Thank you to everyone who commented on my last blog entry. At first I was very upset that a web-site could claim to be non-denominational and still turn away a story because it was against the Catholic faith. But, instead of getting bitter, I decided to look further into the matter. The answers that I found were exactly like those that you shared with me. I am not going to say that anyone's beliefs are wrong or right. I will say, however, that I am very sad for those that truly believe that a child born through extensive fertility treatments, such as IVF, are born against God's will and therefore miss out on the opportunity to have a child of their own flesh and blood.
In an article I read it stated that children are not something that is owed to us, they are a gift. I agree that all children are a gift. Some are gifts that are treated carelessly and tossed away, some are gifts that are taken for granted and not enjoyed and loved as they deserve to be, and some are gifts that are forgotten by some but cherished by others. A child born by the means of In Vitro are no less of a gift than those conceived by natural means. If anything, in some cases, they may be considered more. I was devastated when I was told that I would not be able to have children naturally. That I would have to go through extensive treatments and even those weren't a guarantee. The opportunity for couples to bear children, even after they have been told they would never be able to, is truly a gift from God. And, those children are gifts that are cherished above all things because they are miraculous. Now this doesn't mean that I think children that are conceived naturally are not miraculous gifts from God, because they are. All children are miracles and they are all the most precious gift we could ever receive.
I believe that if God did not want me to have a child, the In Vitro would have never worked. If His plan did not consist of us having a child of our own flesh and blood then He would have never allowed those little embryos to latch on and grow and develop. Avery did not come to us naturally because she was meant to be so much more than just a gift to us, she was meant to change our lives in a way that we could have never expected. The fact that she was conceived via IVF made us cherish her so much more because we were told we may never have a child.

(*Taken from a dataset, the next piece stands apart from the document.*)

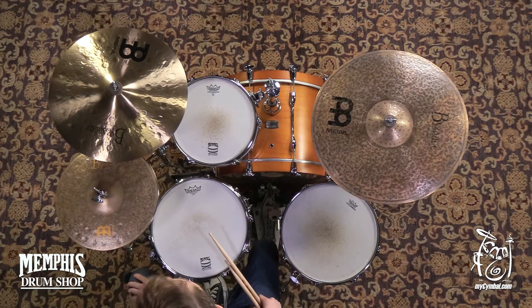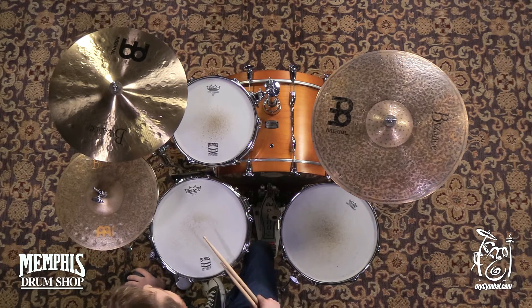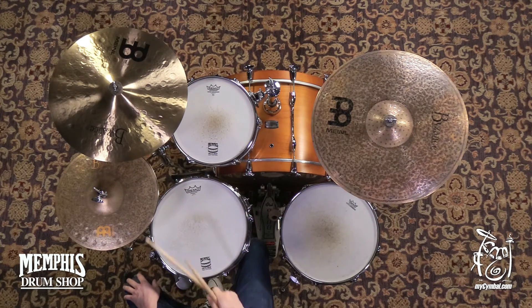This is the Meinl Byzance 18-inch Extra-Thin Hammered Crash. Really quick opening cymbal — when you hit it, it just opens up right away. It's full on. Really projects loudly. It sounds really great.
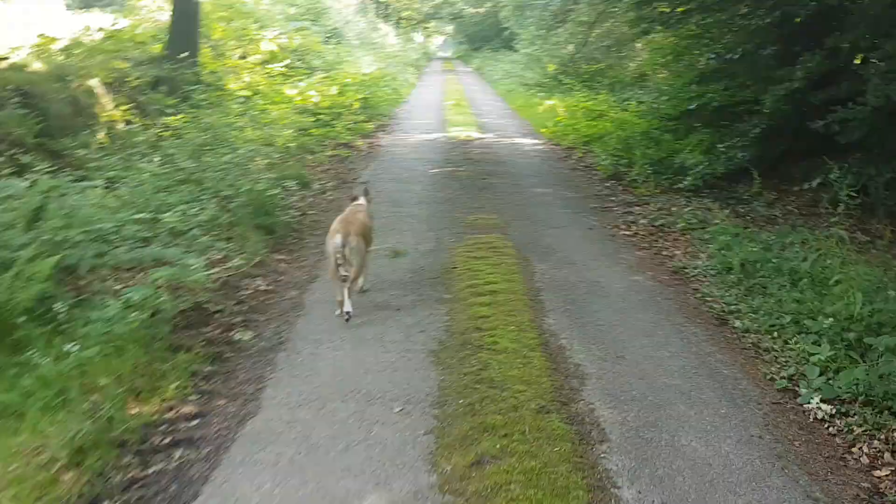Loving my morning walk with Mr. Yagibum up in the woods. He loves it, I love it — can't be beat.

Some would argue that if you are not able to have children of your own you should just adopt. I am not against adoption. I plan on adopting, I have always wanted to adopt. I made the choice to do In Vitro because something deep down in my soul told me that I needed to. We didn't have the means to pay for it, but we found a way. We did it because we knew our chances were better if we did so while we were young. Age doesn't have a big impact on adoption. That is something that I can do for years to come. I knew that there was a child waiting for us, so we made the decision to have IVF done before we even knew how we would pay for it. Even if our next attempt at IVF does not result in a pregnancy, I will never regret our decision to do In Vitro. Avery is and always will be my daughter and I would do it all over again just to be able to carry her inside of me and hold her for that very short time.
Thank you all for your kind words and for your love for my little girl. I am so glad that it is not against my faith to have IVF, because I would have gone against my faith in a heartbeat. I know that it sounds terrible, but I wanted a child so very badly I would have tried just about anything!